→ Task to carry out
The reply should consist solely of the lines from the one that holds "The subject of" through the last line of the material, reproduced exactly; no pictures belong in it.

[Start of Attachment]

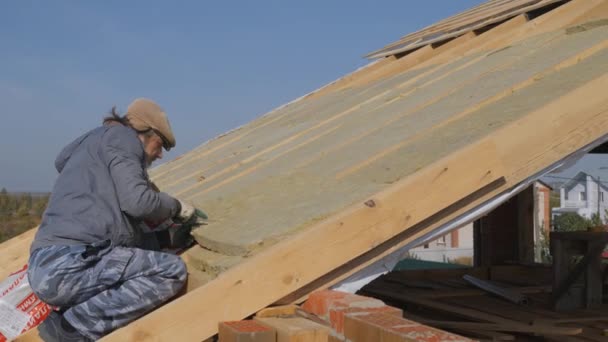 Travaux de toiture. Installation d'isolation pour l'isolation du toit d'une maison privée. — Video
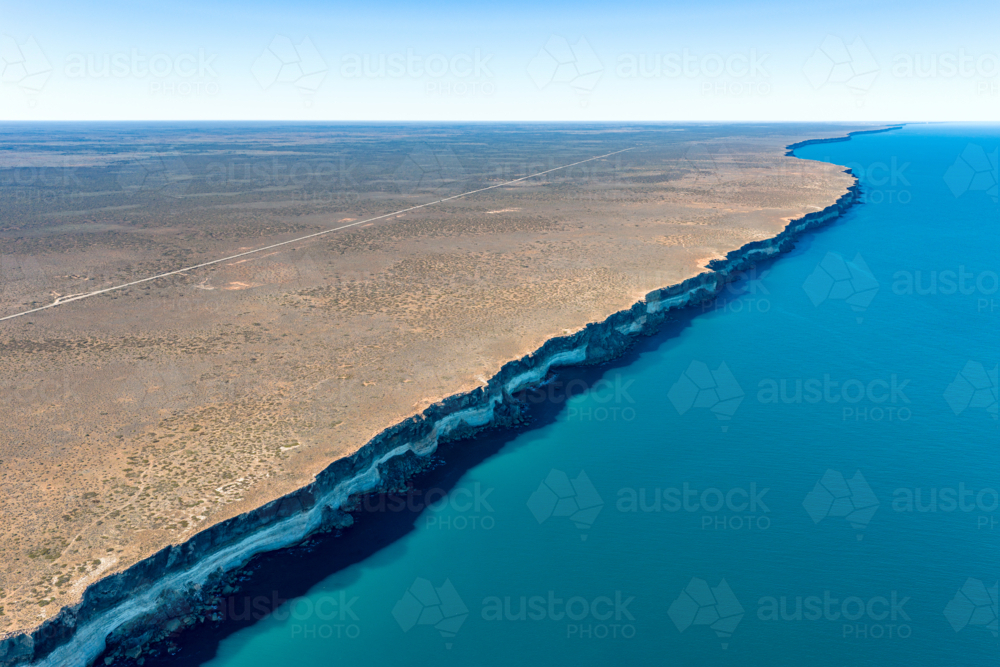 High aerial view of a straight road following the edge of steep limestone cliffs by the ocean - Australian Stock Image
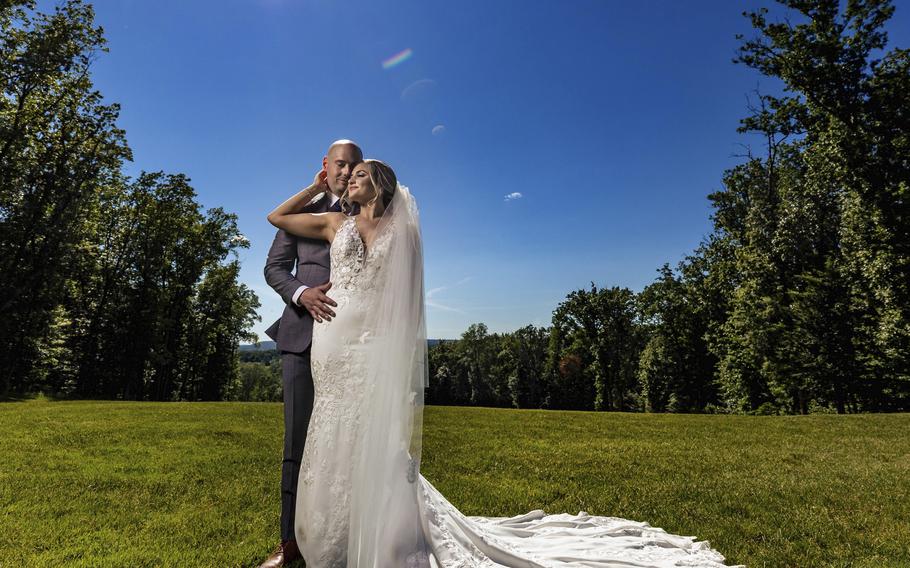 Stephanie and Trevor Harnen pose in Middletown, N.Y., on June 17, 2021. The two wed on a Thursday, tapping into a trend of couples choosing weekdays for their weddings, either by choice or necessity.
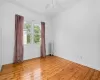 Empty room featuring ceiling fan, radiator, and light hardwood / wood-style flooring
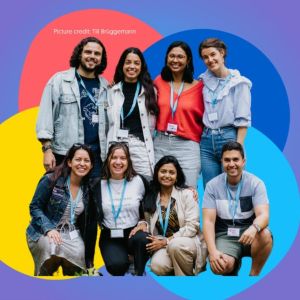 Group of smiling students in fron tof four colorful overlapping circles set against a purple background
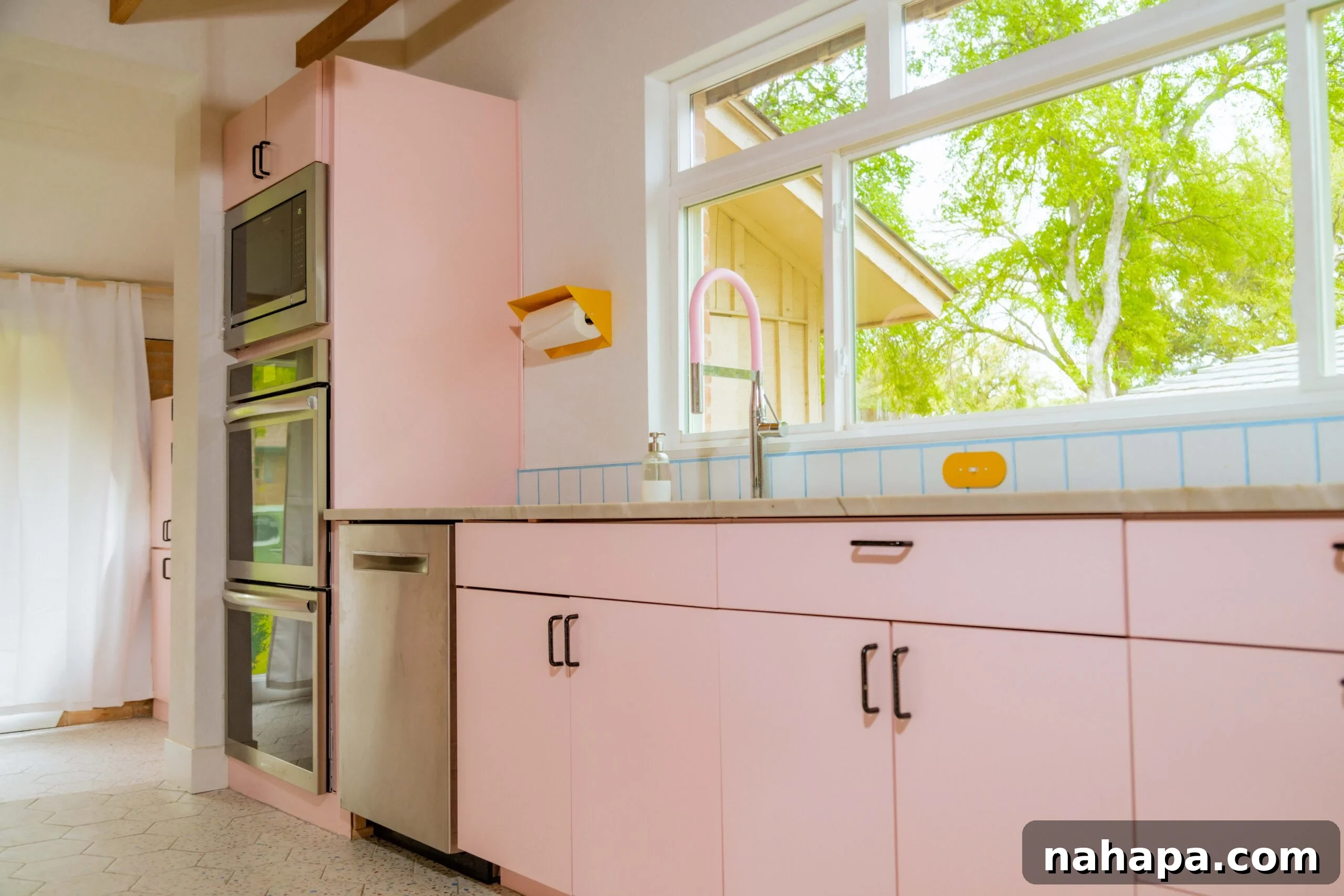 After kitchen renovation - pink cabinets and modern appliances
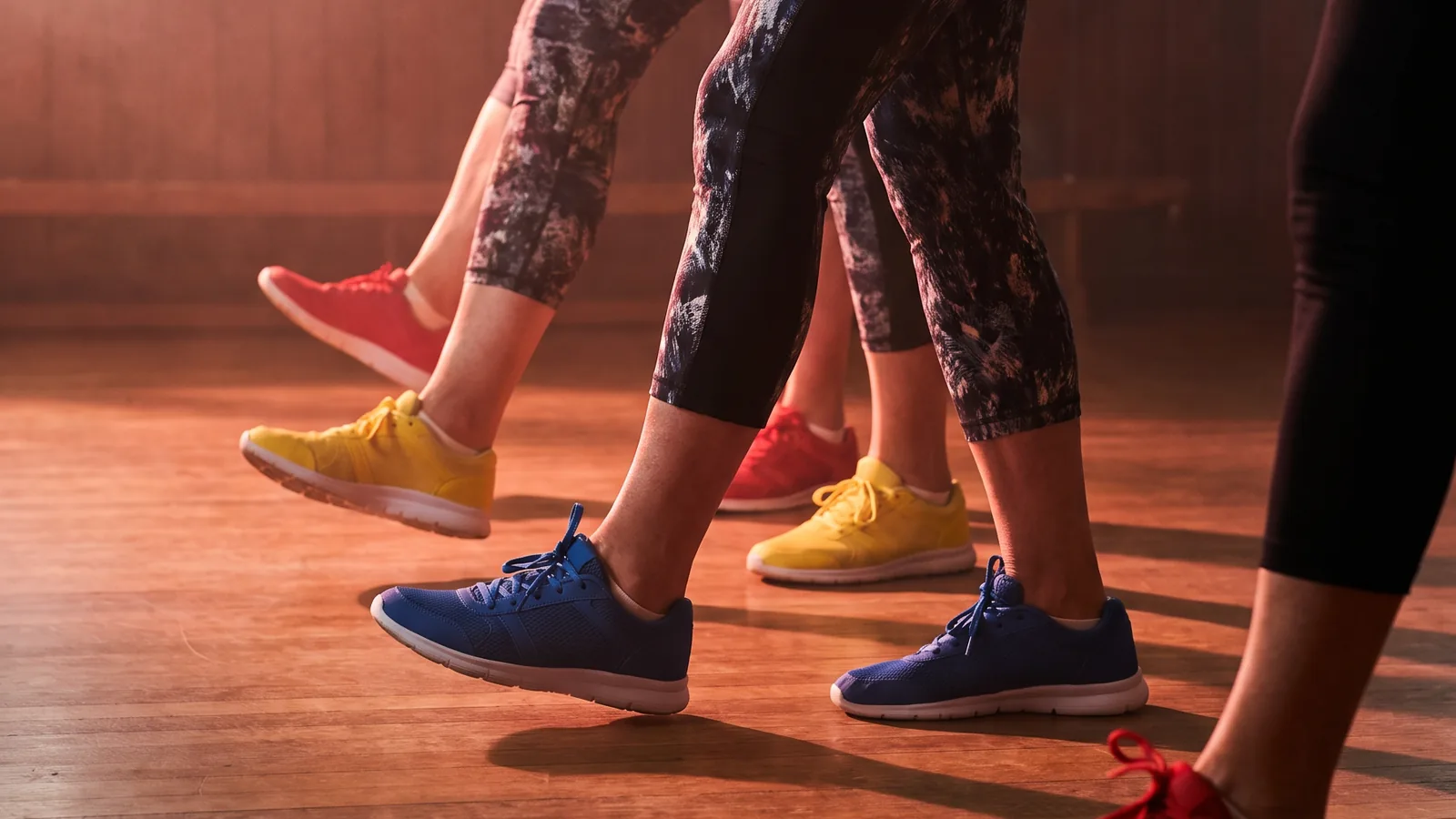 Seniorzy na zajęciach dance fitness, zbliżenie na nogi i hantle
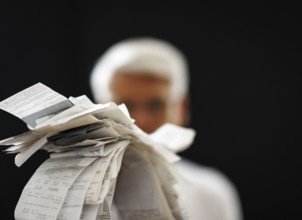 The subject of taxes. A man holds receipts in his hand in Berlin, 09/08/2024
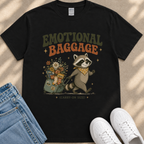 a black t-shirt with a graphic design depicting a raccoon pulling a suitcase filled with various items, including flowers and snacks. The text on the t-shirt reads "Emotional Baggage" and "Carry-on Size".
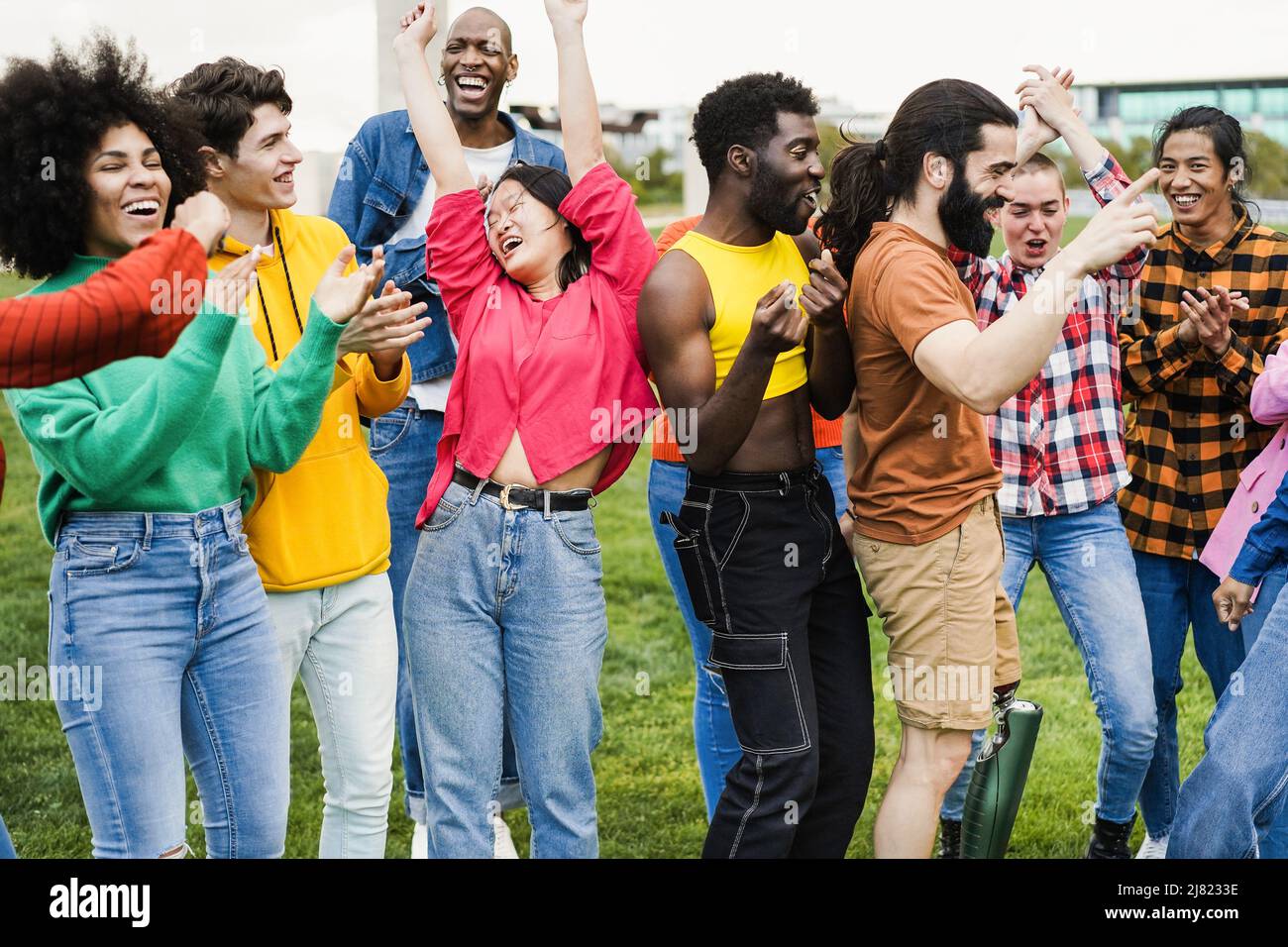 Young diverse people having fun outdoor dancing together - Focus on ...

[End of Attachment]

→ Expected output
 The subject of taxes. A man holds receipts in his hand in Berlin, 09/08/2024
 a black t-shirt with a graphic design depicting a raccoon pulling a suitcase filled with various items, including flowers and snacks. The text on the t-shirt reads "Emotional Baggage" and "Carry-on Size".
 Young diverse people having fun outdoor dancing together - Focus on ...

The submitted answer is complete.